After becoming an undisputed starter at Corinthians, and first appearing for the Brazil national team at 19, Zé Elias went overseas, representing with moderate individual success Bayer 04 Leverkusen, Inter Milan, Bologna F.C. 1909, Olympiacos F.C. and Genoa CFC. He won three consecutive Superleague Greece championships with the fourth club, but appeared sparingly in the process (a maximum of 18 league appearances).

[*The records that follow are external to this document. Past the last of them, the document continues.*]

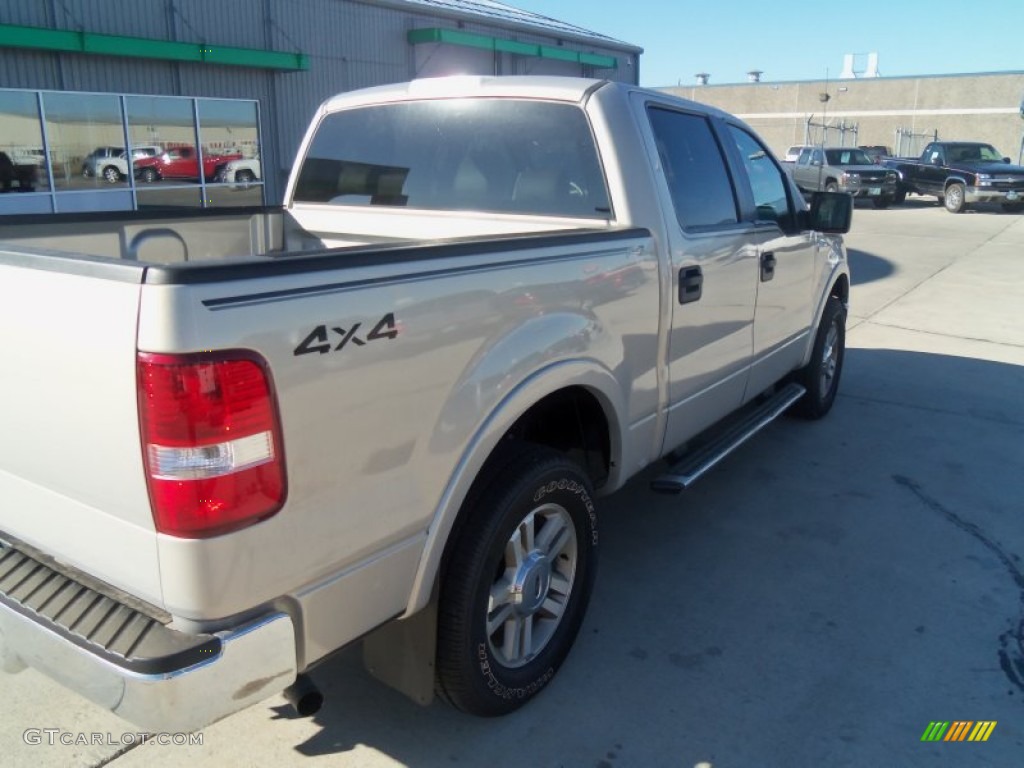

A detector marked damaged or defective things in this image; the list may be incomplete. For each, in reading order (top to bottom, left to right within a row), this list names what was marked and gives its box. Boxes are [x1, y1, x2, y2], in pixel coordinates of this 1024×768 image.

pavement crack [897, 475, 1024, 696] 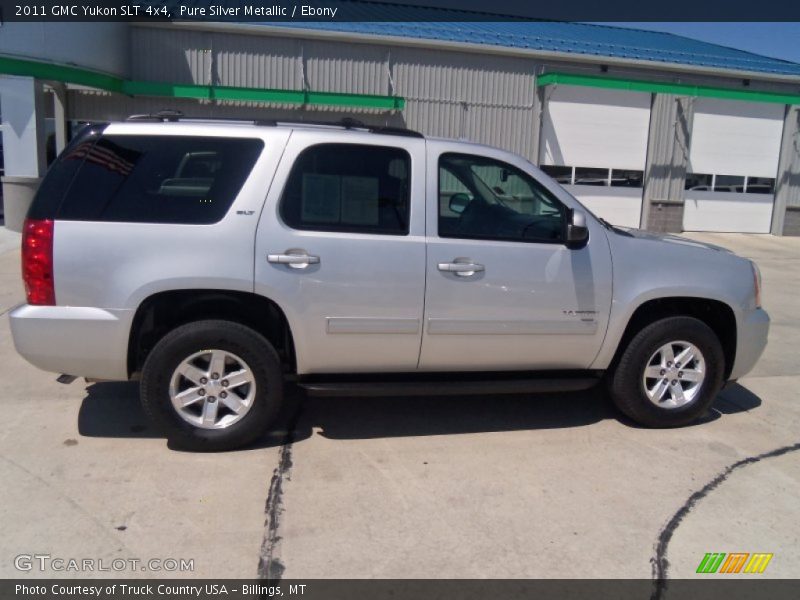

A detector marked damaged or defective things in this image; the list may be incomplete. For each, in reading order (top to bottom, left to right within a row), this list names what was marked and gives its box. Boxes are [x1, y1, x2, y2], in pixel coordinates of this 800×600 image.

crack in pavement [258, 404, 304, 580]
crack in pavement [648, 438, 800, 596] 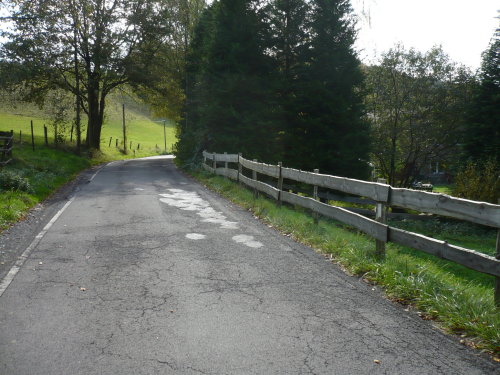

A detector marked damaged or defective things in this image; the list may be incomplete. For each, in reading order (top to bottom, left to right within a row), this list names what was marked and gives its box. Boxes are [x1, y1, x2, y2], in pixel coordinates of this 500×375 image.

cracked asphalt road [0, 157, 496, 374] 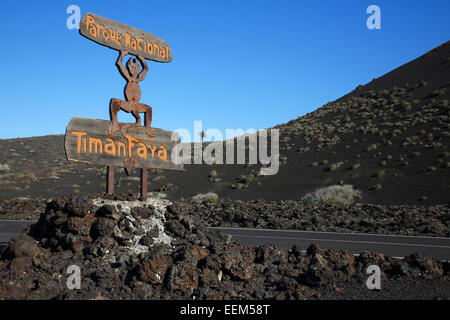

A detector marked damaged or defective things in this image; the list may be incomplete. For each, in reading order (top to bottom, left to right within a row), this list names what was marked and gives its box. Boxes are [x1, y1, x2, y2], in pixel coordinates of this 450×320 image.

rusty sign [80, 12, 173, 62]
rusty sign [63, 117, 183, 172] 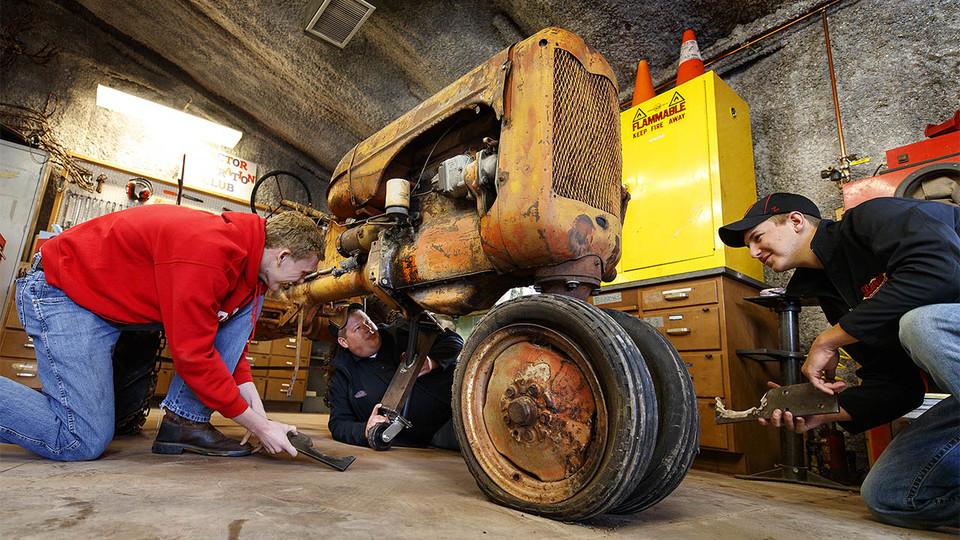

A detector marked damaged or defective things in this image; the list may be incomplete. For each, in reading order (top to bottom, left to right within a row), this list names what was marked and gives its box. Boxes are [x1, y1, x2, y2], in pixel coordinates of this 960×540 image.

rusty orange tractor [251, 28, 696, 520] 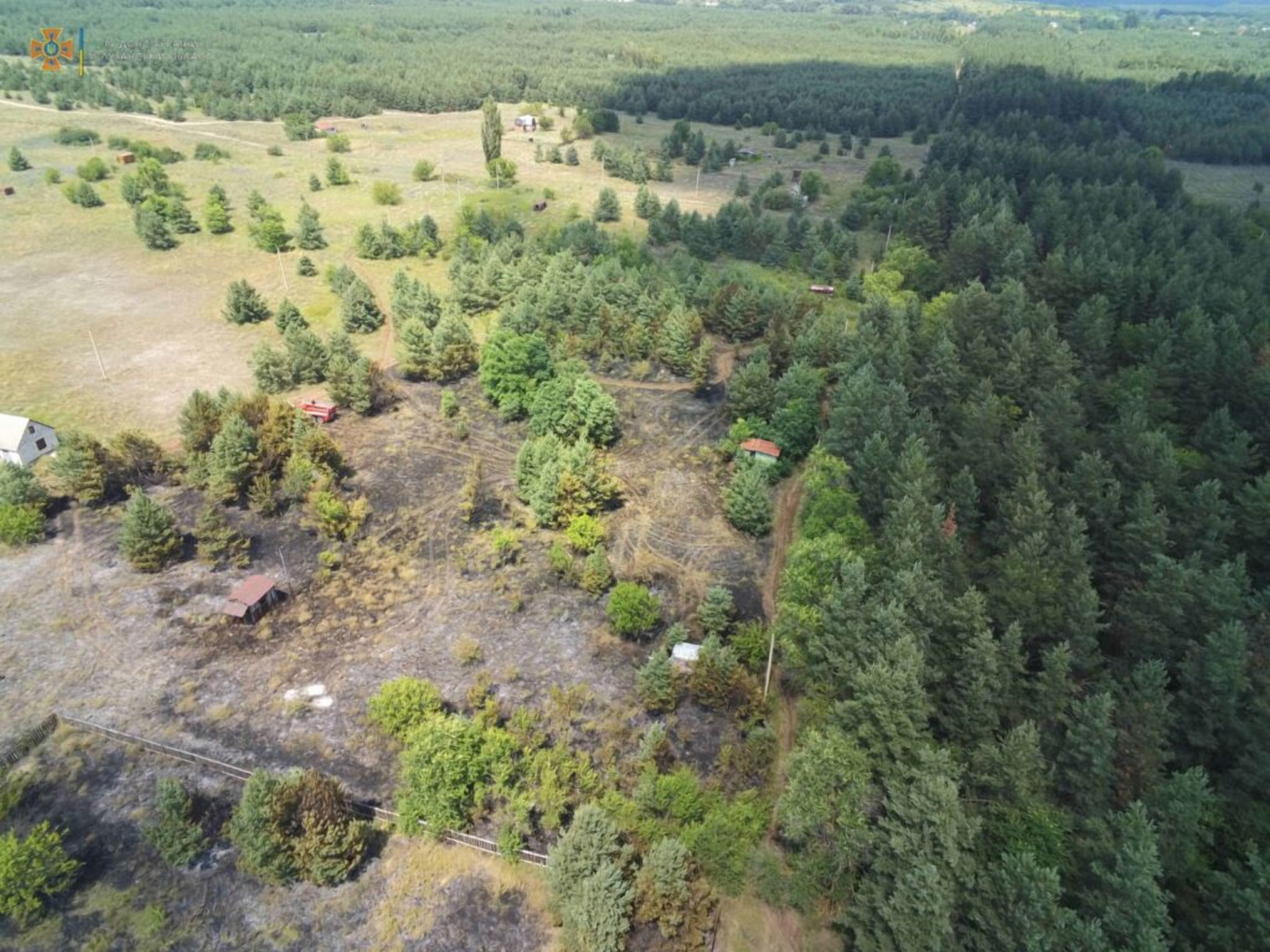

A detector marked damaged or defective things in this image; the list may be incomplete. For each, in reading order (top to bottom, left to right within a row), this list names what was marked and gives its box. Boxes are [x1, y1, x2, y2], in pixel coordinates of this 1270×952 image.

rusty metal roof [741, 439, 777, 459] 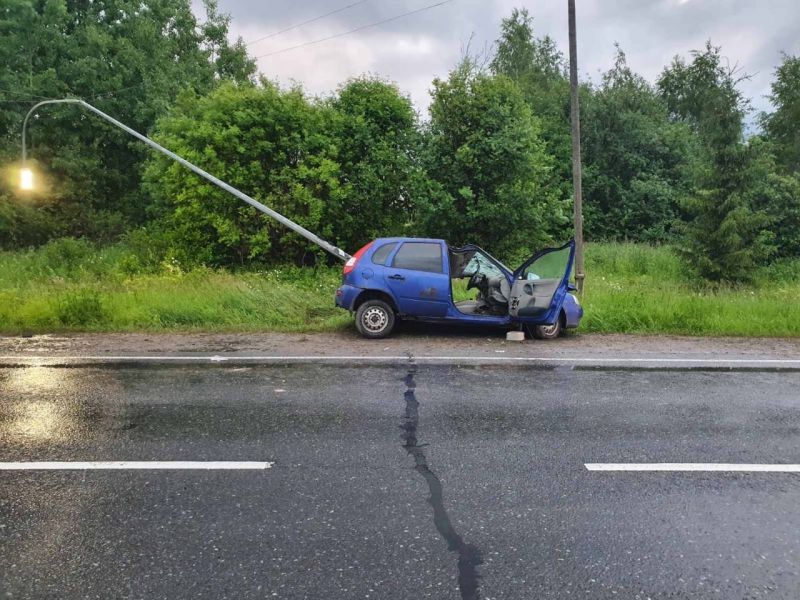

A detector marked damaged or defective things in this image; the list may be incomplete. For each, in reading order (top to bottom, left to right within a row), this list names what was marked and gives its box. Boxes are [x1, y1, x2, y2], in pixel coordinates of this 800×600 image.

bent metal pole [21, 98, 352, 260]
damaged blue car [332, 238, 580, 340]
crack in asphalt [398, 356, 482, 600] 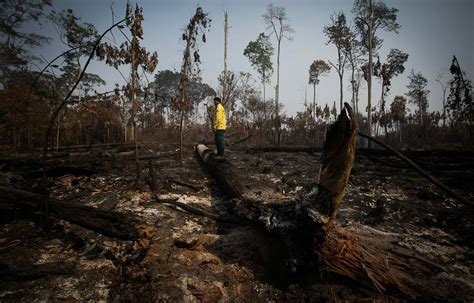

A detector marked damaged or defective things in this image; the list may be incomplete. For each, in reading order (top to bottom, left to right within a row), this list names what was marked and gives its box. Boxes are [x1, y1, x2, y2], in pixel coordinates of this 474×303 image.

cracked charred wood [0, 186, 139, 241]
cracked charred wood [196, 103, 452, 300] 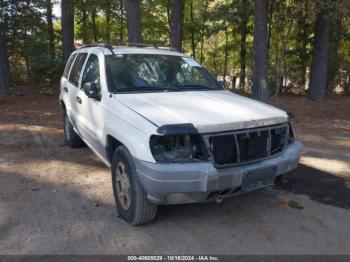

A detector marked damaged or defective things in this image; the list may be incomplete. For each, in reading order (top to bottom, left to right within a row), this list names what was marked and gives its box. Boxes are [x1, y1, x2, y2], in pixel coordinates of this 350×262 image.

crumpled hood [117, 90, 288, 133]
broken headlight [150, 134, 209, 163]
damaged bumper [135, 141, 304, 205] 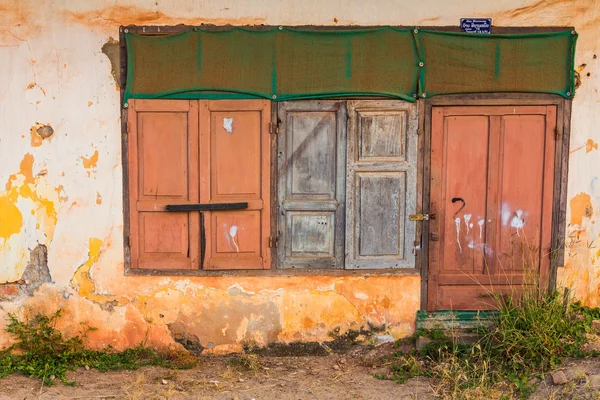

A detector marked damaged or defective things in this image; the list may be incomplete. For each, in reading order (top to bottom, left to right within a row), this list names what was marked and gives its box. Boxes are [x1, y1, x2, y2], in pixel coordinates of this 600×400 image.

peeling paint door [127, 99, 200, 270]
peeling paint door [202, 100, 272, 270]
peeling paint door [278, 101, 346, 268]
peeling paint door [428, 105, 556, 310] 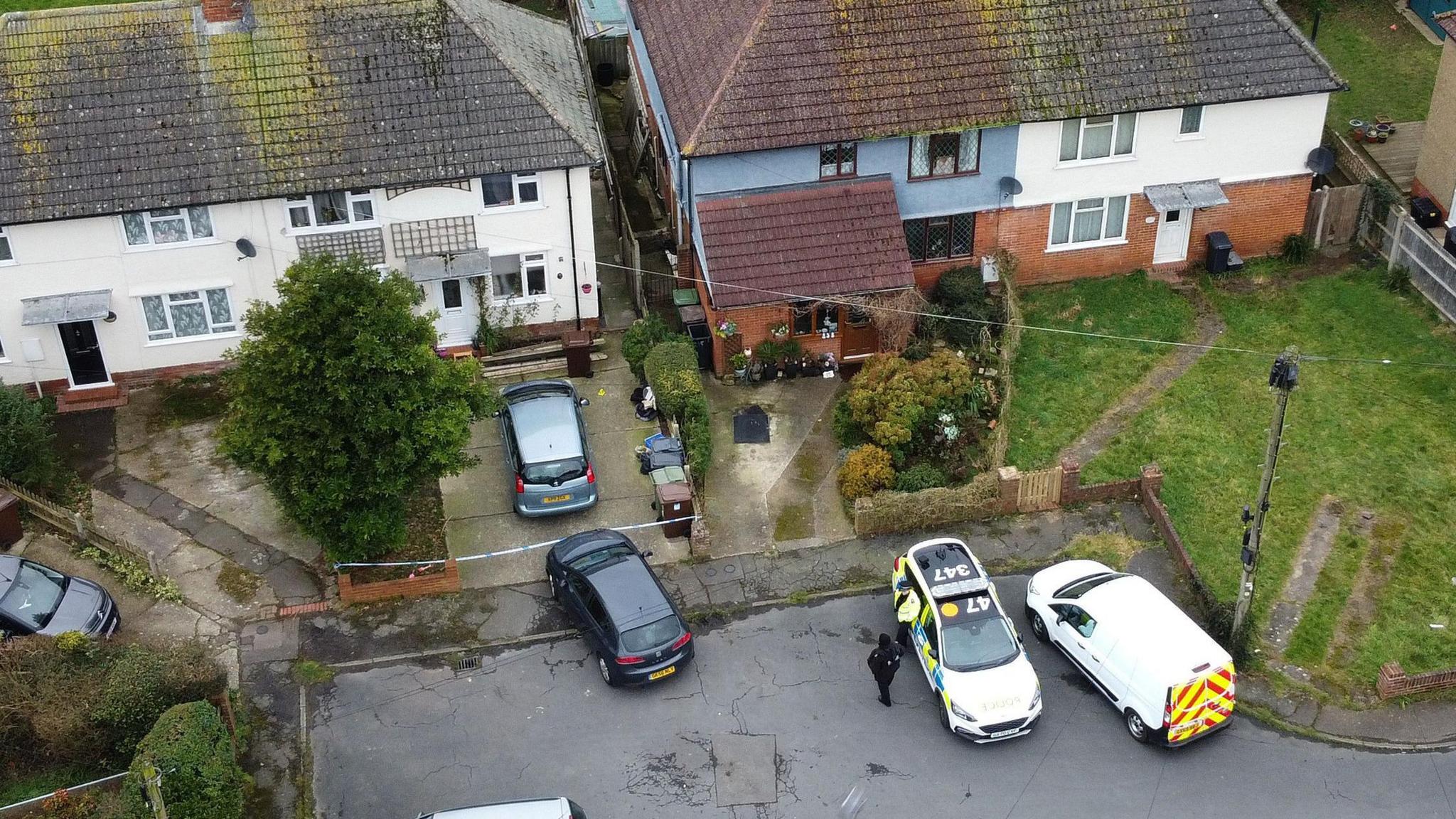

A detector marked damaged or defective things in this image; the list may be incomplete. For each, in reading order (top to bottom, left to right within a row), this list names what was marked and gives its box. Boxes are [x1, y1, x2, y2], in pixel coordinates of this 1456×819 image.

cracked tarmac road [313, 583, 1456, 819] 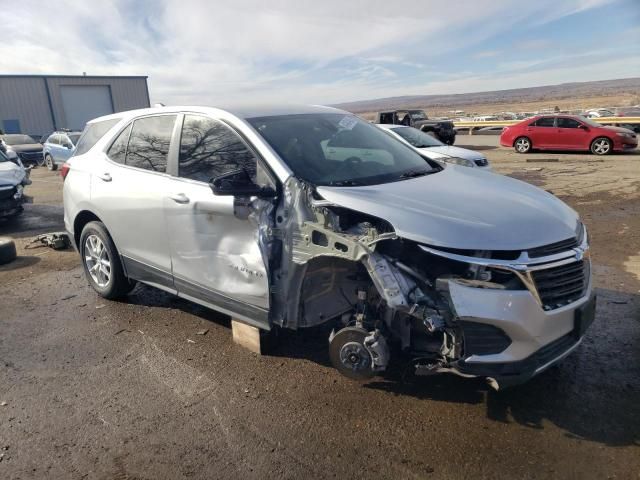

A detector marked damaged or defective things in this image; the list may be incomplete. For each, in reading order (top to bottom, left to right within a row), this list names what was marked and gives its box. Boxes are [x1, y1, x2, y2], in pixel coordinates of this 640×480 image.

crumpled hood [0, 160, 25, 185]
crumpled hood [420, 145, 484, 162]
crumpled hood [316, 164, 580, 249]
damaged wheel well [73, 210, 102, 248] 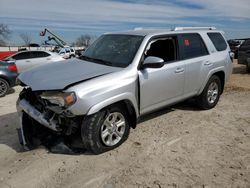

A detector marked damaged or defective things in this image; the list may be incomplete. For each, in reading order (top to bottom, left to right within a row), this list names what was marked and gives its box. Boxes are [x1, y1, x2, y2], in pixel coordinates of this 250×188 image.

crumpled hood [18, 58, 122, 91]
broken headlight [40, 91, 76, 107]
damaged front end [16, 87, 85, 153] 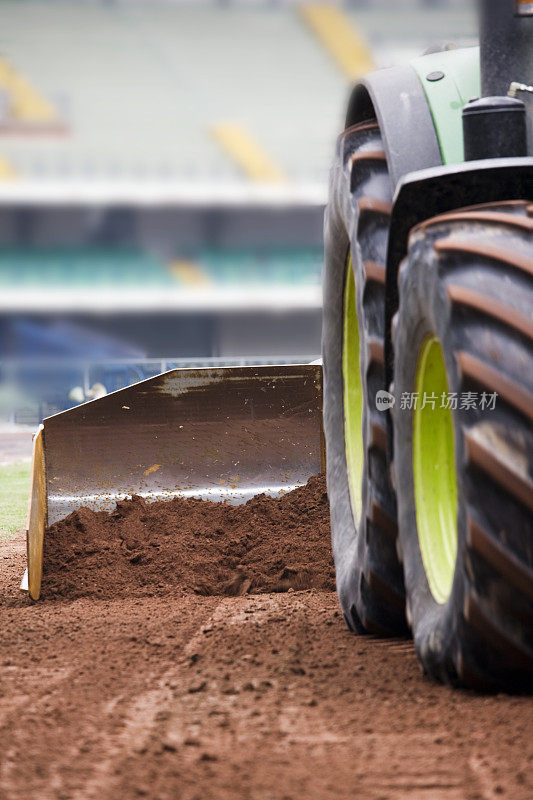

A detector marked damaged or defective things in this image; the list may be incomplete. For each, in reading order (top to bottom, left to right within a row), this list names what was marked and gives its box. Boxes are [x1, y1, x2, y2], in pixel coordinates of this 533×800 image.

rusty metal surface [43, 364, 322, 524]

After a return to Brazil with Santos FC, Zé Elias had short-lived stints with FC Metalurh Donetsk, Guarani Futebol Clube, AC Omonia and Londrina Esporte Clube. He retired as a player in March 2008, and assumed a scouting role in Brazil for Inter Milan; however, in June, he signed a contract with SC Rheindorf Altach for the 2008–09 season, before announcing his retirement again.

International career
Zé Elias was capped ten times for Brazil. He received his first call-up on 29 March 1995, in a friendly with Honduras which ended 1–1.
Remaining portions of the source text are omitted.